─── Provided records ───

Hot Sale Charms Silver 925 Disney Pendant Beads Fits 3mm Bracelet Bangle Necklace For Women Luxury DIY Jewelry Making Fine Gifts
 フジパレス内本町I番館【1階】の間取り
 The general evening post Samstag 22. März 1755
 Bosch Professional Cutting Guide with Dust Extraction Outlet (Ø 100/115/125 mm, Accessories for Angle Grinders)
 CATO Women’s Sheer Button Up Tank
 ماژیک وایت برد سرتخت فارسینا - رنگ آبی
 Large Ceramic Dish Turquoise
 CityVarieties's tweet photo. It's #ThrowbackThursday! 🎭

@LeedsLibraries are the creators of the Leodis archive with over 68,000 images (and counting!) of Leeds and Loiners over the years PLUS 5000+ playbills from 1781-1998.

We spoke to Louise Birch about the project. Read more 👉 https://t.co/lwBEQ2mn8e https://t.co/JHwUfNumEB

───

- _Problem to work on_
Provide only the number of lines in the material above that contain the word "with".

- _Response box_
2